** Opening Data records block **

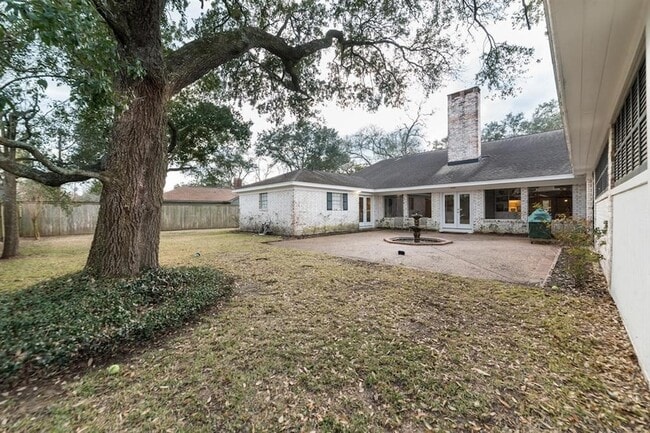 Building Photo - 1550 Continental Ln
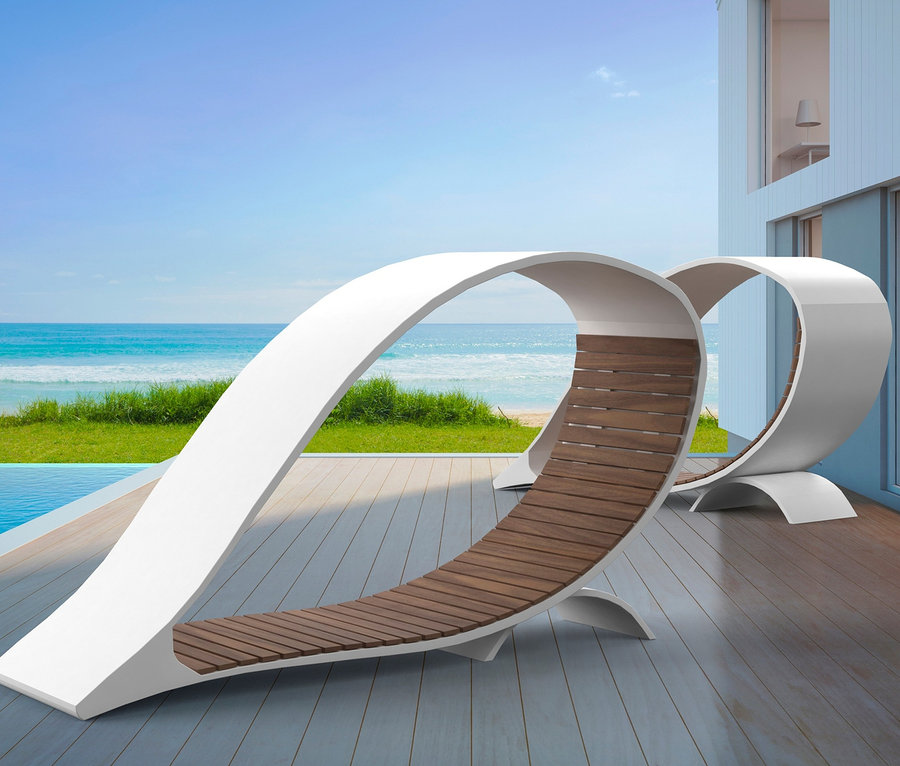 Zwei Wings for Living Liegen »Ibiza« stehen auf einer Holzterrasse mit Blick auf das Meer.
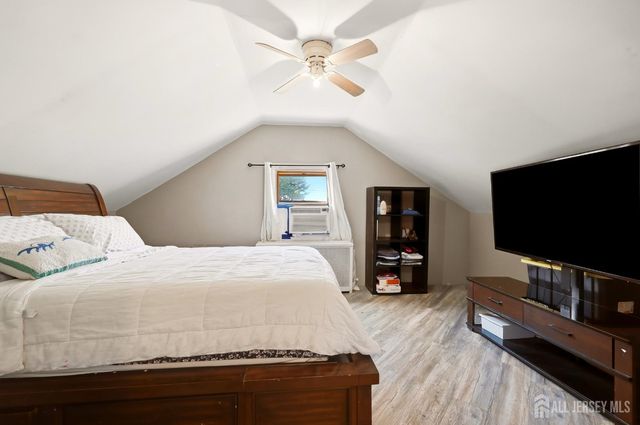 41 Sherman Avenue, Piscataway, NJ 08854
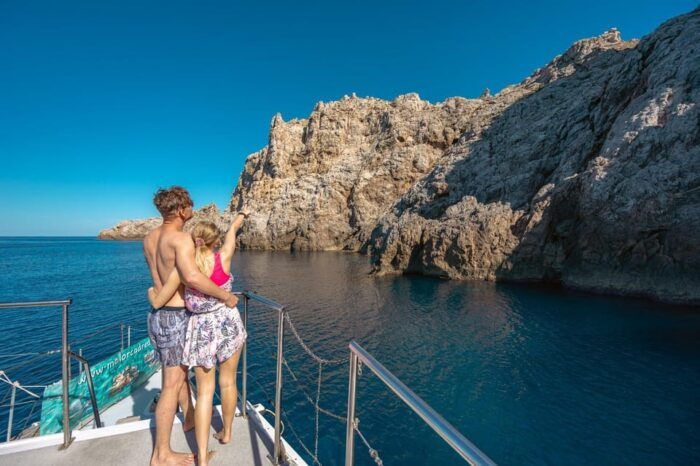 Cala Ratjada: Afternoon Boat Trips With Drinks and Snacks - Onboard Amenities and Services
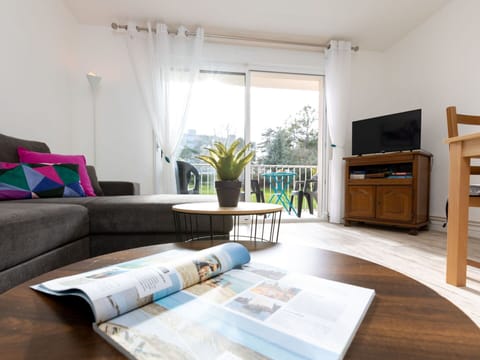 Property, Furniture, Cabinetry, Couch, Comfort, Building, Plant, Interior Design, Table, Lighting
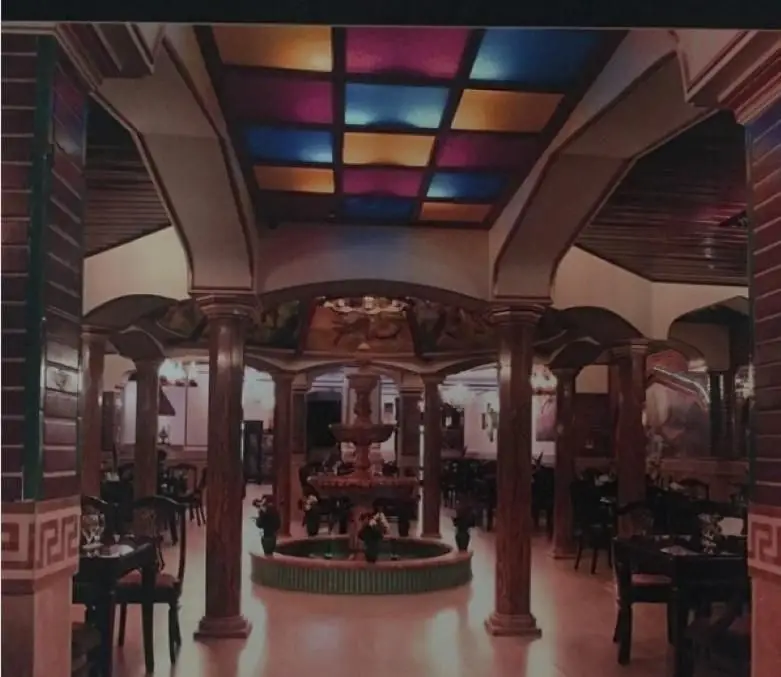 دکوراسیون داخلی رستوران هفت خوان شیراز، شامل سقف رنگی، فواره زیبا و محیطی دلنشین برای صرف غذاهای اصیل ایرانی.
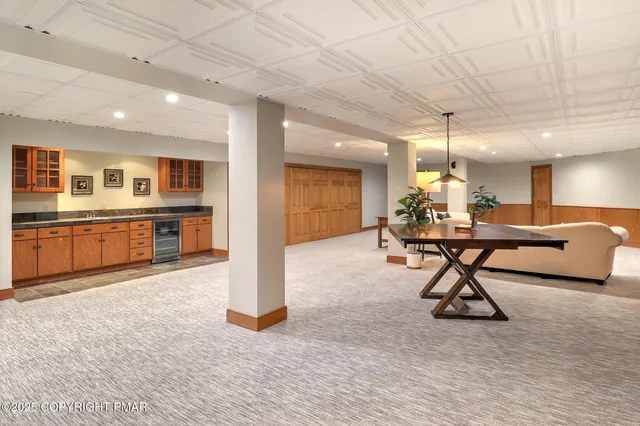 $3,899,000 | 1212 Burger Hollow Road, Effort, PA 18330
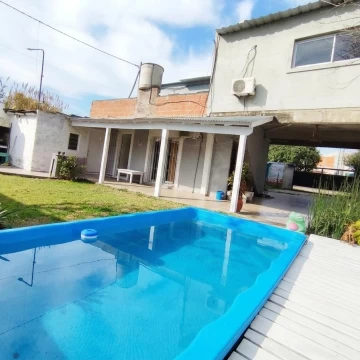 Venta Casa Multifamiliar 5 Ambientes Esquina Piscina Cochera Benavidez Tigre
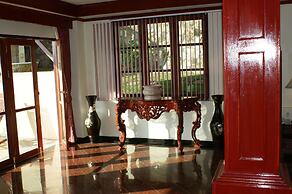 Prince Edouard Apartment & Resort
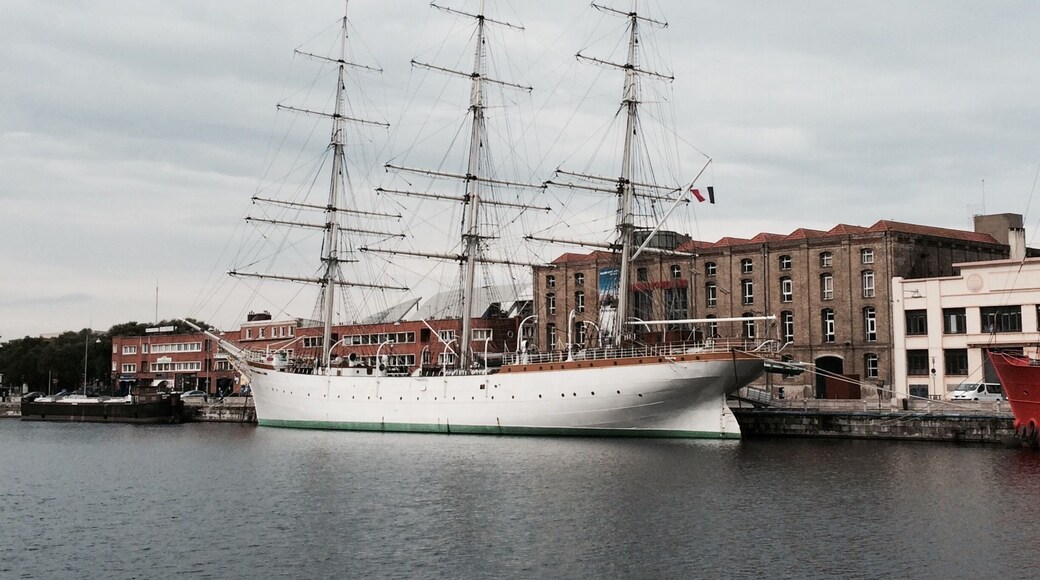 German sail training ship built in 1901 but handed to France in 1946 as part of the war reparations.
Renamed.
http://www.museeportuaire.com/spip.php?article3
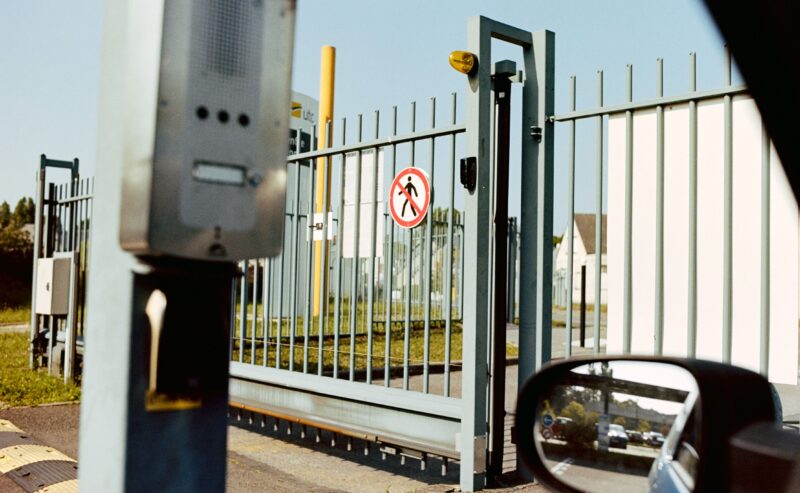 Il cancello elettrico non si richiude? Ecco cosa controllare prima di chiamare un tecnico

** Closing Data records block **

Quote word for word only the lines above from the one containing "Zwei Wings for" through the one containing "Design, Table, Lighting". Pictures stay out of your copy.

 Zwei Wings for Living Liegen »Ibiza« stehen auf einer Holzterrasse mit Blick auf das Meer.
 41 Sherman Avenue, Piscataway, NJ 08854
 Cala Ratjada: Afternoon Boat Trips With Drinks and Snacks - Onboard Amenities and Services
 Property, Furniture, Cabinetry, Couch, Comfort, Building, Plant, Interior Design, Table, Lighting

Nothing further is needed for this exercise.